3 entry daha
  • ilkokul 4. sınıftaydım. müzikle, ritmle aram olmadığı halde okulun da bando takımındaydım. galatasaraylılığım ise adriyatik'ten çin seddi'ne kadardı*... ve galatasaray izmir'e geliyordu. evden okula diye çıktım, mahalleden abilere, kuzenlere takıldım, önlüğü, çantayı kömürlüğe bıraktım, ama borazanı yanıma aldım.

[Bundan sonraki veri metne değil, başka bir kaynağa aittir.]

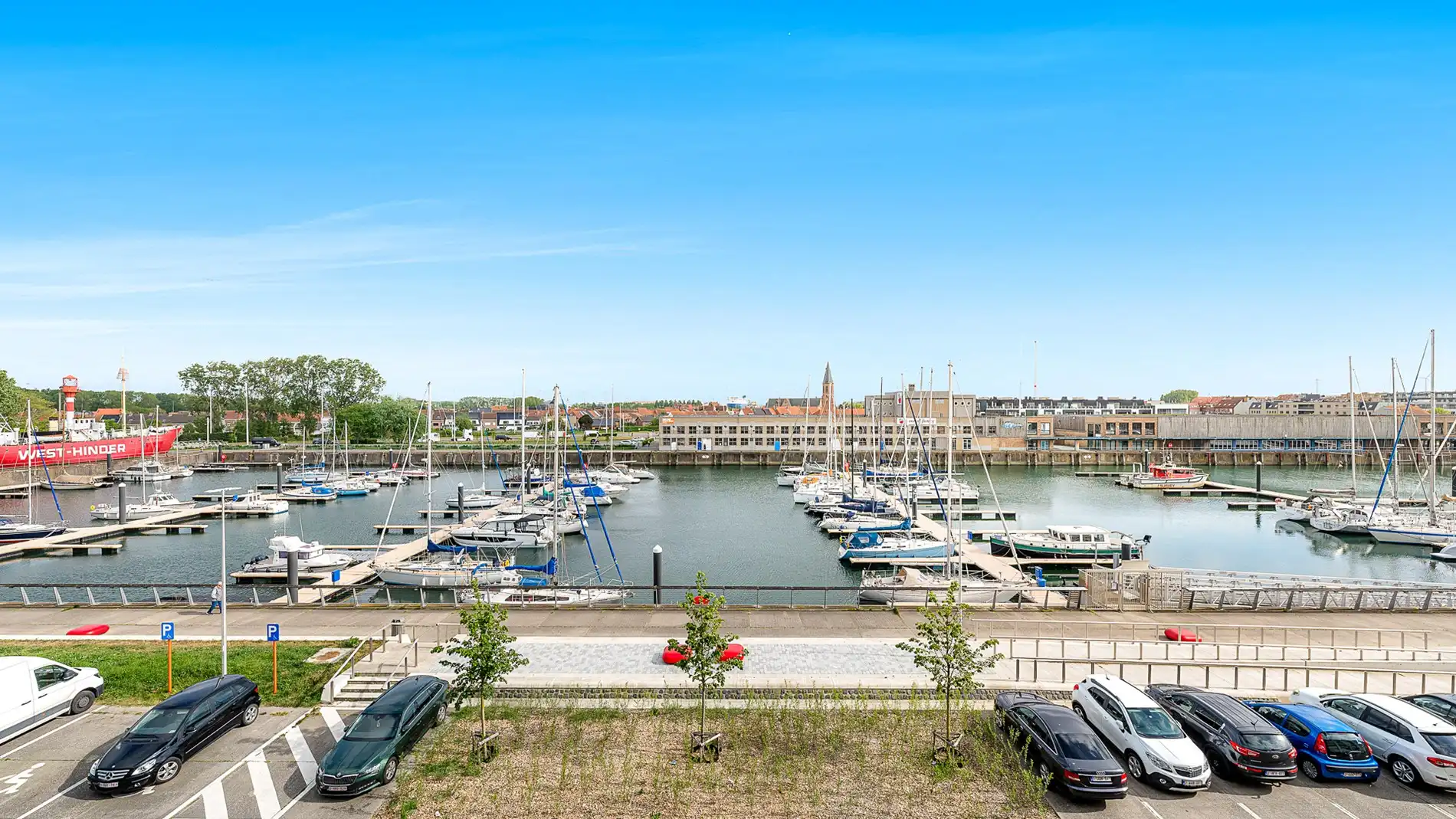 Instapklaar appartement (100m²) te koop aan de jachthaven foto {{pictureIndex}}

    bir karşıyaka bir de altay maçına gitmiştim ve o gün üçüncü kez galatasaray maçına gidiyordum. nergiz istasyonu'ndan banliyö trenine bindik, halkapınar'da indik. skorbord'un karşısındaki kale arkası tribününde yerimizi almıştık. girmeden önce kumru yedik elbette, şu soğuk olan, ekmeği yarım kesilmiş peynirleri dışarı taşan ama yarısı bu yüzden boş olan kumrulardan. başıma o eski kağıttan şapkalardan takmıştım, satıcının elinde kalmış ucuza satıyordu çünkü göztepe şapkasıydı. olsundu. sarı-kırmızıydı ya yeterdi.

    yarım yamalak dolu tribünler mexico 86'dan kalma mexico dalgalanması yapmaya çalışıyordu, komik, eksik ama güzeldi işte. o yıllarda su poşette satılıyordu böyle ucunu kesip ya da pipeti saplamaya çalışıp içilen sidik gibi sular... canı sıkılan poşetleri sahaya atıyordu ama tribünler ile yeşil zemin arasında tartan atletizm pisti olduğu için sular oraya düşüyordu. kimsenin umudu yoktu; benim de.

    kaptan cüneyt karşı taraftaki kaleye golü attığında kimin attığını bile görememiştik: semih yuvakuran mı, ismail demiriz mi, cüneyt tanman mi? sarışın ve bıyıklı bir abi santraya koşuyordu ama göremiyorduk. olsun. kale arkasında bir sevinç, bir nümayiş koptu. ilk yarı böyle bitse iyiydi amma velakin dimitrescu denen asker bozması çakmıştı hemen bizim taraftaki kaleye. sonrasında bizim abilerin, kuzenlerin sigara yakıp makedonca türküler söylediklerini hatırlıyorum. hatta sonlara doğru üst tribünlere tırmanıp halay bile tuttular.
    ...
    maç böyle bitti. daha istasyona ulaşmamıştık ki, steaua bucharest'li futbolcuların dopingli çıktığı ve maçların iptal edileceği dedikodusu yayıldı. kutsal kitaba inanır gibi, kadir inanır gibi inanmıştım bu yalana. ama hakikat başkaydı tabii. üstelik ben acıkmıştım, kuzen istasyondan mazot kokan bir gevrek aldı, ben trende gevreği kemire kemire karşıyaka'ya döndük. kömürlükten önlüğü ve çantayı aldım, koridora attım. anneme abilerle maça gittiğimi söyledim. annem de ben de televizyondan izledim deyince "beni gördün mü" diye sormuştum, görmemişti.

    ve evet söylemeyi unuttum. maç bitene kadar o borazanı çalmıştım. o günkü bakır borazanın, bayat gevreğin ve yitirilen turun tadı hâlâ dilimde. 9 yaşındaydım, avrupa şampiyon kulüpler kupası'nda yarı final maçı izlemiş, sahici galatasaraylı olmuştum.